In 1932 a South American team consisting mainly of Argentine-based players toured England. It played seven first class matches and twelve other fixtures.

A two match series against Chile in December 1938 was won by Argentina, the second match of which saw the interesting occurrence of Argentina's Alfred Jackson playing against his brother John Jackson.

Leading players during this period were the Ayling brothers, K. Bush (who also played for Brazil), D. Cavanagh, Herbert Dorning (the so-called "Grand Old Man of Argentine Cricket") and Donald Forrester.

A strong club scene existed until the 1950s with clubs Belgrano, Buenos Aires, Lomas, and Hurlingham

This resulted in a relatively strong national side. Railway and Bank teams disbanded after the war along with the formerly strong San Isidro side.
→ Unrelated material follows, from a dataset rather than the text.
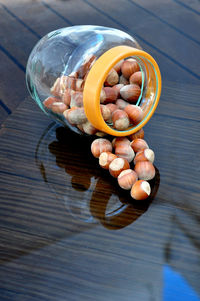Close-up of pills in jar on table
The national side sank to a low level, being heavily beaten by MCC in 1958–59.

By 2010, cricket had made some positive strides in Argentina even if the national side was struggling somewhat.

Old Georgian, Lomas, Belgrano, Hurlingham, and San Albano were as strong as they had been for some time along with Buenos Aires CRC, which was once again fielding sides after a long absence. Bedes Grammar School and Atlético del Rosario were both working their way through the lower divisions of the domestic league and supplying many players to the national age group squads, while an Academy side had been introduced into the First Division in response to the growing number of young players from the Italian/Spanish majority that were taking up the sport.
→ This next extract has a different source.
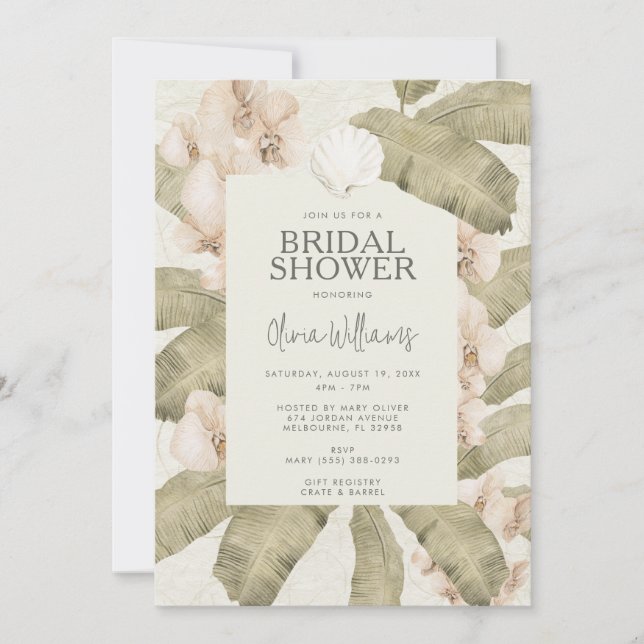 Elegant Coastal Beach Bridal Shower Invitation (Devant)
Previously the club competition had been kept alive largely by Anglo-Argentines – many of whom were descendants of well known cricketing identities in the country going right back to the early 20th century. In all, more than 30 teams at senior level comprised from the eight clubs were competing in four divisions and there was also a quickly growing ladies league.

===ICC Trophy===
Argentina participated in the first ICC Trophy in 1979 but missed the second in 1982 which was played in England and started only two days after the conclusion of Falklands War. They returned for the 1986 ICC Trophy and played in every one following that until the 2001 event. They did not qualify for the 2005 tournament.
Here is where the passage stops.